This article operates within a Freudian worldview but tries to challenge a purely psychological approach to understanding historic attitudes towards crossdressing by examining the differential attitudes towards masculine and feminine presentations and how they related to assumed status differences between the sexes.

Bullough does not reject the Freudian view of transgender presentation, but rather discusses variation in the reception to the phenomenon depending on the assigned gender of the person in question and the context in which the transgender presentation occurred.

For example, transmasculine presentation by AFAB (assigned female at birth) persons could be tolerated and even encouraged because masculinity was more highly valued and it was considered admirable for a woman to aspire to it. In contrast, the negative value assigned to femininity made it difficult for medieval societies to understand why an AMAB (assigned male at birth) person would perform femininity--and thus a decrease in status--unless for some ulterior purpose such as illicit sexual access to women.
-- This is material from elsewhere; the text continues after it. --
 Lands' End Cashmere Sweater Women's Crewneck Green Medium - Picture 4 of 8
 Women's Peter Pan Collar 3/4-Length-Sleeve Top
Temporary cross-gender performance was tolerated in the context of specific events such as carnival or Halloween, or as part of overt masquerades. The Biblical reference cited for opposition to cross-dressing (“The women shall not wear that  which pertaineth unto a man, neither shall a man put on a woman’s garment”) does not explain this situational allowance or the differential attitude towards masculine and feminine presentation.

Bullough explores how these differential attitudes played out in the biographies of “transvestite saints”. Women who “became male for Christ,” by setting aside not only their female presentation but their sexuality were viewed as praiseworthy, though it’s uncertain to what extent actual women were accepted and praised for doing so (as opposed to the safely legendary saints). But there are no legends of male transvestite saints (that is AMAB saints presenting as female), not only because this would be a loss of status, but also because trans-femininity was viewed as inherently associated with eroticism. The handful of anecdotes about AMAB persons living in convents as women invariably involved the suspicion or fact of heterosexual fornication.

An assortment of the most archytypal “transvestite saint” biographies are presented and discussed, including several more plausibly historic anecdotes from the medieval period proper, plus mention of Joan of Arc and the legend of Pope Joan.

This is followed by contexts where male crossdressing (i.e., AMAB persons with female presentation) were permitted, such as dramatic performance in contexts where all performers were male, or during Carnival, which in some regions was strongly associated with cross-gender performance.

Bullough concludes that Western hostility to cross-gender performance is far more rooted in issues of change of social status than in Biblical prohibition.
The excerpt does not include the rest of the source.